Note that this logl function has multiple arguments

> args(logl)
function (theta, x)

neither of which vectorizes. Here we have a vector of IID data, but our function only works for sample size 1. Moreover it returns a list (components function value, gradient, and hessian) rather than a number so it cannot be vectorized using the R function Vectorize. Nevertheless, a function that calculates log likelihood for vector data can be easily made using the theory in section about log likelihood for IID data in the course notes (the log likelihood for the whole data is the sum of the values for logl applied to each term in the data, and similarly for derivatives if you want to use them, which you probably don't because there is no extra credit for doing so).

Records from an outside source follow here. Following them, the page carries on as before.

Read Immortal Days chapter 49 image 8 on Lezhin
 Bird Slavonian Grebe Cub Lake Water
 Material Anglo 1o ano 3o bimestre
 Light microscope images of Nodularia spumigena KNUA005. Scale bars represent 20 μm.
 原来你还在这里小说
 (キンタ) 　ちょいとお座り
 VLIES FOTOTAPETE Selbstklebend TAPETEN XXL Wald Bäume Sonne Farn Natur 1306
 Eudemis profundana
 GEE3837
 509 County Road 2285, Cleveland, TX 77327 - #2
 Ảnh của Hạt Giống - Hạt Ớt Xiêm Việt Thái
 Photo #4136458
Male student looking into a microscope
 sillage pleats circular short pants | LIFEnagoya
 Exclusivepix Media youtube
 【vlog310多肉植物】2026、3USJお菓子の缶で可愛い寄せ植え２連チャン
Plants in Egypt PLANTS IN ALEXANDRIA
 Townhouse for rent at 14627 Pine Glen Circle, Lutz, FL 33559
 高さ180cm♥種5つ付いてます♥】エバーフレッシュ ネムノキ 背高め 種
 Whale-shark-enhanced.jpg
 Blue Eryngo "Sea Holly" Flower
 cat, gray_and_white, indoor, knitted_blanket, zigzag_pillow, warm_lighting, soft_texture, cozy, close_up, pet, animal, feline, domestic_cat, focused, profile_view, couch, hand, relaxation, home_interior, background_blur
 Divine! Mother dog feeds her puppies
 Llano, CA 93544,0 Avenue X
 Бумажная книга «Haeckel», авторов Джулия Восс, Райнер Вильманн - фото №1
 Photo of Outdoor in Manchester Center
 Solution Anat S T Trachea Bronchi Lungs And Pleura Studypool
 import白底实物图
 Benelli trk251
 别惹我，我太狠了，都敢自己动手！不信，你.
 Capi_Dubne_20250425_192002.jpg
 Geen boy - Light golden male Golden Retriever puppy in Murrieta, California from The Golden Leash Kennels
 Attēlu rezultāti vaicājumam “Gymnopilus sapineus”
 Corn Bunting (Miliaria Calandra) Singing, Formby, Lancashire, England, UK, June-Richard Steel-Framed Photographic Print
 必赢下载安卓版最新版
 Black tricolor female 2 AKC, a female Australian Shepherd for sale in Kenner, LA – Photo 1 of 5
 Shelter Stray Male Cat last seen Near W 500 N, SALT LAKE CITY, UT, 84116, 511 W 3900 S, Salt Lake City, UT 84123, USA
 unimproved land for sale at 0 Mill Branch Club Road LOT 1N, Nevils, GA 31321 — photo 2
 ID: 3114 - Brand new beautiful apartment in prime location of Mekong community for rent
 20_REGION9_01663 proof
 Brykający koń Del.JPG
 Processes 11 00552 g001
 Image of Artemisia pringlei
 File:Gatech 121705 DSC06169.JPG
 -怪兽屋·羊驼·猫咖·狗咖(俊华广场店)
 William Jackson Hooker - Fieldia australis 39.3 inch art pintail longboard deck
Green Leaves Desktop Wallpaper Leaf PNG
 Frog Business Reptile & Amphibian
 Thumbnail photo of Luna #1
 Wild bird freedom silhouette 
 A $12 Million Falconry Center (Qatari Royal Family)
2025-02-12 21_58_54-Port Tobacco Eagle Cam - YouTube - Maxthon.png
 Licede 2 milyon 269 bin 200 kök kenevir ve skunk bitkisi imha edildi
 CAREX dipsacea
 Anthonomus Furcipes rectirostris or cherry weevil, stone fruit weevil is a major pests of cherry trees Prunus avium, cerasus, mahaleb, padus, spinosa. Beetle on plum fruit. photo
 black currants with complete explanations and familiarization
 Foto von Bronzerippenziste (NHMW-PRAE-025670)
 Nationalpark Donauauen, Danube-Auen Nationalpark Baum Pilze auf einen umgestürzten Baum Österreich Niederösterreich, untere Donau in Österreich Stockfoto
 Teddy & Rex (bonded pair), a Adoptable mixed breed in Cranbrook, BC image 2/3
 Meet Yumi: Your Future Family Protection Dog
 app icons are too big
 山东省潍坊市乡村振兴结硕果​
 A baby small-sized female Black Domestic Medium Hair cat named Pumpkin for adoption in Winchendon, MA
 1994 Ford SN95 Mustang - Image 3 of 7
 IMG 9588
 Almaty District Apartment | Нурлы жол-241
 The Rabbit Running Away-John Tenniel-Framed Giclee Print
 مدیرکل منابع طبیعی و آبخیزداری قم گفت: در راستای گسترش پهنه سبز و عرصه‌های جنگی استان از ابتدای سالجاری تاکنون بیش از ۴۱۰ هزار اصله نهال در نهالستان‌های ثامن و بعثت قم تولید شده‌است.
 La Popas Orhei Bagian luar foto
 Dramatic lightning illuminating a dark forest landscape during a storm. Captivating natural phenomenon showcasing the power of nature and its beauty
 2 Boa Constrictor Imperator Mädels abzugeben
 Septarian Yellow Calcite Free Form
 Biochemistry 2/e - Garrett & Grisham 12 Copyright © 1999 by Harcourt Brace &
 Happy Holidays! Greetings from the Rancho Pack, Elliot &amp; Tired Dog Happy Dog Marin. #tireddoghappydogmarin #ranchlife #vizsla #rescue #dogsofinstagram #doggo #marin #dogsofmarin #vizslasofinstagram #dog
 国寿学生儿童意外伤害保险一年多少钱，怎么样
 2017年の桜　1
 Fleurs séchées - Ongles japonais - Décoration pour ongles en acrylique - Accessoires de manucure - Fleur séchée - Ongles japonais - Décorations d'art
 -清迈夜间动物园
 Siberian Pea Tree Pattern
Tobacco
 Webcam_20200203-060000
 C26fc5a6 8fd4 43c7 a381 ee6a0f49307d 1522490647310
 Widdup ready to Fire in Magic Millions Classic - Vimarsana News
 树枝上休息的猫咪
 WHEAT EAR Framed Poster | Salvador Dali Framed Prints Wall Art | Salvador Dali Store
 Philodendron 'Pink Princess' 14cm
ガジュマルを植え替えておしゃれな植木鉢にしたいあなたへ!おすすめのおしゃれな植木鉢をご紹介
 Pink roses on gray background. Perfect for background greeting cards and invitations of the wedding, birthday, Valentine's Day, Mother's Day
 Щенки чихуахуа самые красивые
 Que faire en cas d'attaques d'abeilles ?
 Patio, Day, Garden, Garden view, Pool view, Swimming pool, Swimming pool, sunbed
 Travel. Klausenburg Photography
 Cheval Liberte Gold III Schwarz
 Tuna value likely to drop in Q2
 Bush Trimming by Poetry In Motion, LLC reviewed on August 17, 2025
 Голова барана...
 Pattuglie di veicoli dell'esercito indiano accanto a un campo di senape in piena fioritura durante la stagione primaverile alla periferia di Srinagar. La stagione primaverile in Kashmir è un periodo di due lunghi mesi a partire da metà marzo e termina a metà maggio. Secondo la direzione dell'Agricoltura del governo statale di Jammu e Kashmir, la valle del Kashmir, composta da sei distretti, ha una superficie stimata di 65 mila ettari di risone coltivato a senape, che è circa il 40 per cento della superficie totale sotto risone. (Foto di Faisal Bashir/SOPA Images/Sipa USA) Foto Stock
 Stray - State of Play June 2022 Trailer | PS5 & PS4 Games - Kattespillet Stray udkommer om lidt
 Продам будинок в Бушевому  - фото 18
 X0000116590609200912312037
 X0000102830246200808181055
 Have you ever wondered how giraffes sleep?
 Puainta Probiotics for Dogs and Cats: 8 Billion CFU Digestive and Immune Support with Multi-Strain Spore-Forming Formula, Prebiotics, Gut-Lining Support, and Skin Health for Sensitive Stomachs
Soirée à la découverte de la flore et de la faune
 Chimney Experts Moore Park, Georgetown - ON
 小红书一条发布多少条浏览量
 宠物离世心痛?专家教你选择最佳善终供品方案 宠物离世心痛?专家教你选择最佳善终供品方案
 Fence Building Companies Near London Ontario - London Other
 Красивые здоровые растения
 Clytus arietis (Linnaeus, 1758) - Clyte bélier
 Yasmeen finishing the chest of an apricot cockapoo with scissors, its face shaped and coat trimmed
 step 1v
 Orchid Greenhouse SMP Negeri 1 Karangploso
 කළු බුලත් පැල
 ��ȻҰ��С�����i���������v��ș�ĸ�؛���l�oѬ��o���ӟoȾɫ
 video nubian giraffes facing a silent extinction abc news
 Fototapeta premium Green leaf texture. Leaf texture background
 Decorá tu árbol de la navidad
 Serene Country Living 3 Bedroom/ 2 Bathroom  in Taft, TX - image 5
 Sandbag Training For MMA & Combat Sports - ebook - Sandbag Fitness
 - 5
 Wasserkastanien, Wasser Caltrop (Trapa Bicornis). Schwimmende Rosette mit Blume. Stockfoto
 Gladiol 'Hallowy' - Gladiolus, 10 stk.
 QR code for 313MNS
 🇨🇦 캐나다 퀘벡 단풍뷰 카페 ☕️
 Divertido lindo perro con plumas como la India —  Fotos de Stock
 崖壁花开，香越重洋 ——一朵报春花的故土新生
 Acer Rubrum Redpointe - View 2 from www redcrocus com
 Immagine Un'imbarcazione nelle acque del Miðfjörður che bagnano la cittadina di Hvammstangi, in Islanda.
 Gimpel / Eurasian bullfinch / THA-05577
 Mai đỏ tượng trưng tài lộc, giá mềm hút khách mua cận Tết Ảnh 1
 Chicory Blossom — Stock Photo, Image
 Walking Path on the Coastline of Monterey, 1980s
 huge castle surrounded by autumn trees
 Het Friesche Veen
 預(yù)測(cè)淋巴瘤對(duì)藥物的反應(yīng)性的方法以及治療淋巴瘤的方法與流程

You do not have to use the R function logl loaded here to do this problem. For example, you could cut-and-paste the code into an editor and modify it somewhat to do what this problem requires. But my solution will use it. Also this function is well tested, so it is perhaps better not to modify it.

Find the MLE for these data. A fairly good starting point for these data would be the MLE for the untruncated data model, which is log(mean(x)).

This starting point is inconsistent, but it can be shown that the log likelihood for this model has a unique local maximizer which is also the global optimizer, so any local maximum is the "right" local maximum. It doesn't actually matter where you start (in this particular problem).

Possibly helpful references

example of finding an MLE
google "sapply" in the notes (I used sapply in my solution; you don't have to).
help("sapply") in R (I used sapply in my solution; you don't have to).

Problem 2

This problem continues where the preceding problem left off. Make a 90% (note not 95%) confidence interval for the true unknown θ using a Wald interval (point estimate plus or minus critical value times standard error) using observed Fisher information to calculate standard error, which is described in Section 3.2.4.4.8.1 of the course notes on models, part II and exemplified in Section 5.4.2 of the course notes on models, part II.

Problem 3

This problem also continues where problem 1 left off. Make a 90% (note not 95%) confidence interval for the true unknown θ using a Wilks interval (a level set of the log likelihood), which is described in Section 3.2.4.4.8.2 of the course notes on models, part II and exemplified in Section 5.4.4 of the course notes on models, part II.